→ Dataset excerpt
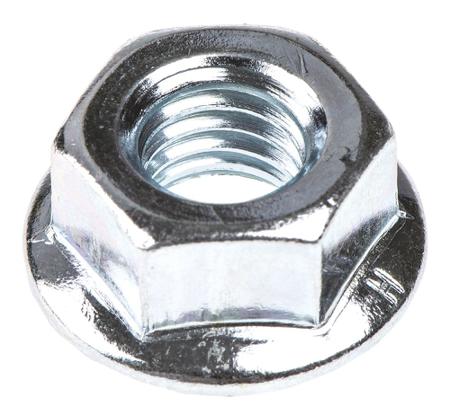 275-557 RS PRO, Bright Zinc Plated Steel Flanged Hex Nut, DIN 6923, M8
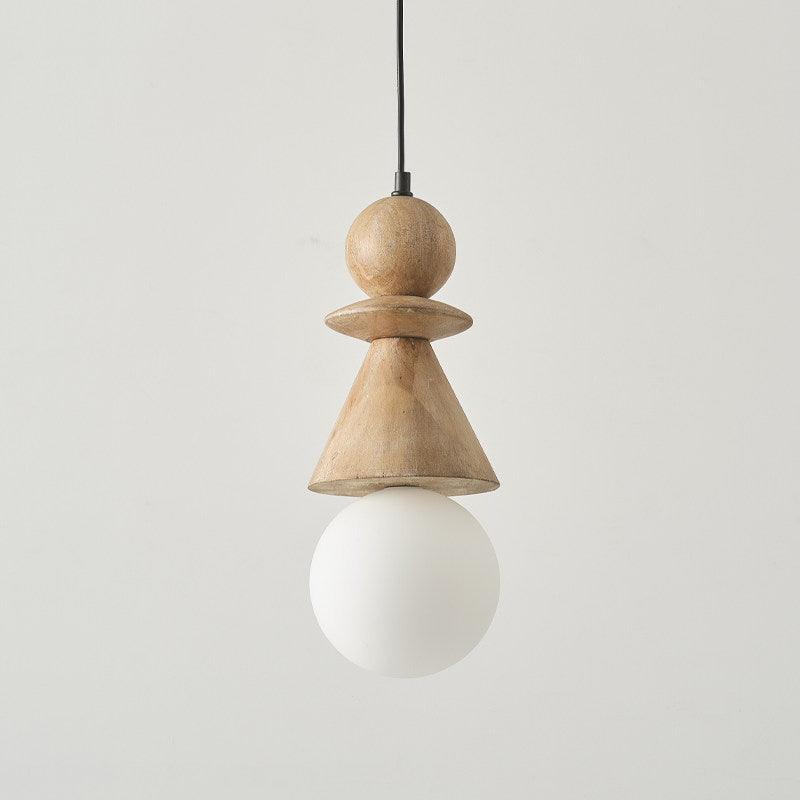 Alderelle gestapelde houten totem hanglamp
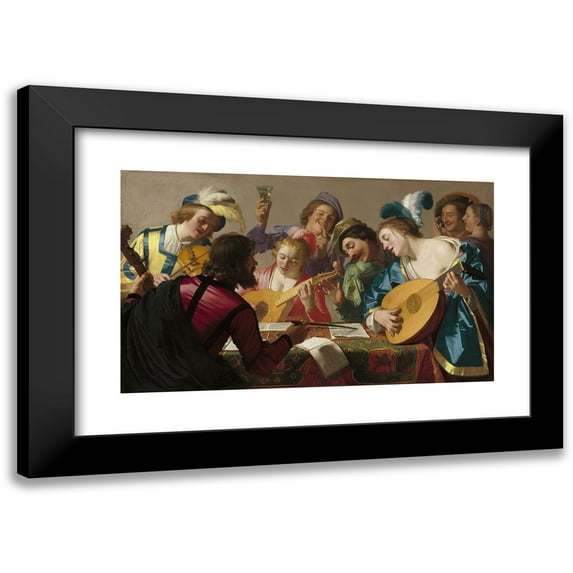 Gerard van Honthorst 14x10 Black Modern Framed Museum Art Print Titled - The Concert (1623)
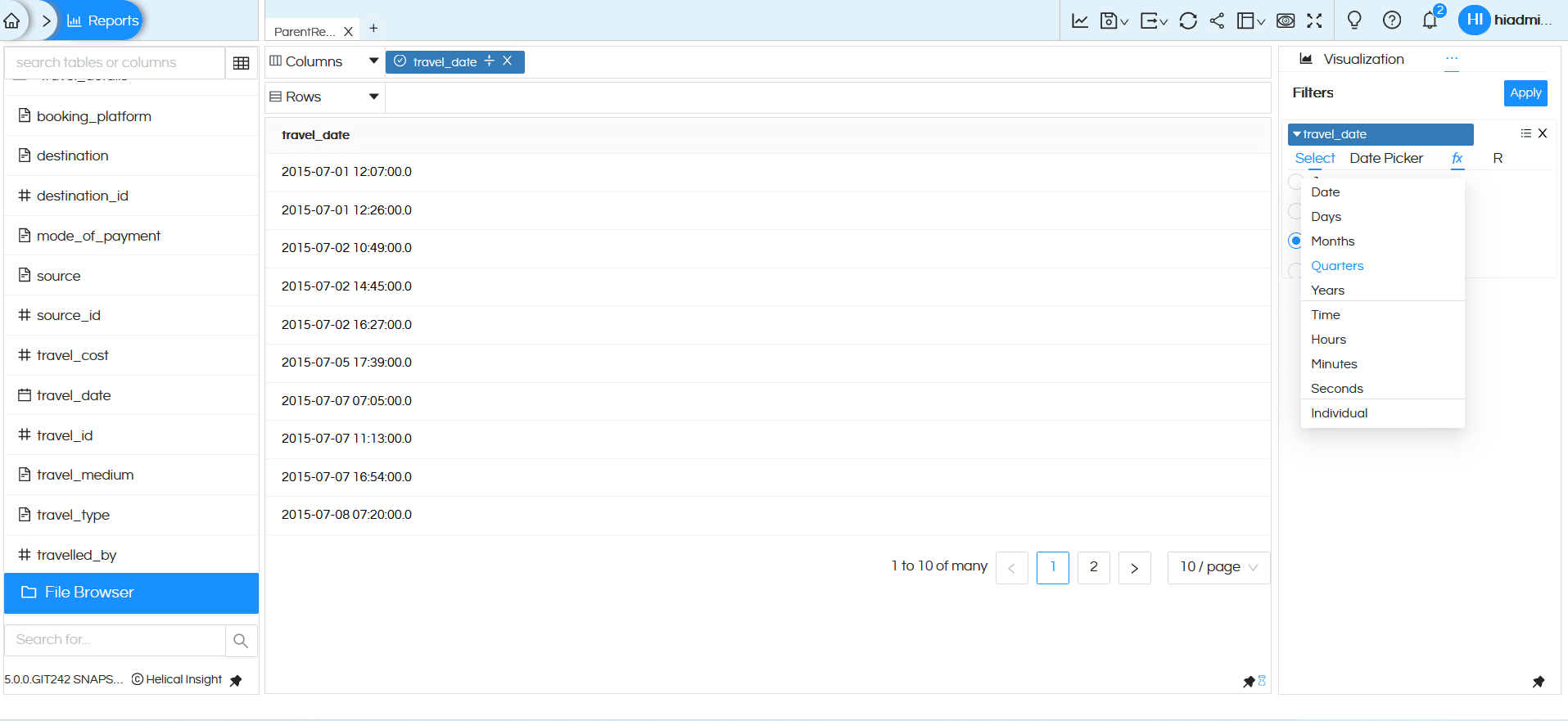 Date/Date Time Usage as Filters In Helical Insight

→ Your instructions
The answer is every line of the data, exactly as written, with the pictures dropped.

→ Response area
 275-557 RS PRO, Bright Zinc Plated Steel Flanged Hex Nut, DIN 6923, M8
 Alderelle gestapelde houten totem hanglamp
 Gerard van Honthorst 14x10 Black Modern Framed Museum Art Print Titled - The Concert (1623)
 Date/Date Time Usage as Filters In Helical Insight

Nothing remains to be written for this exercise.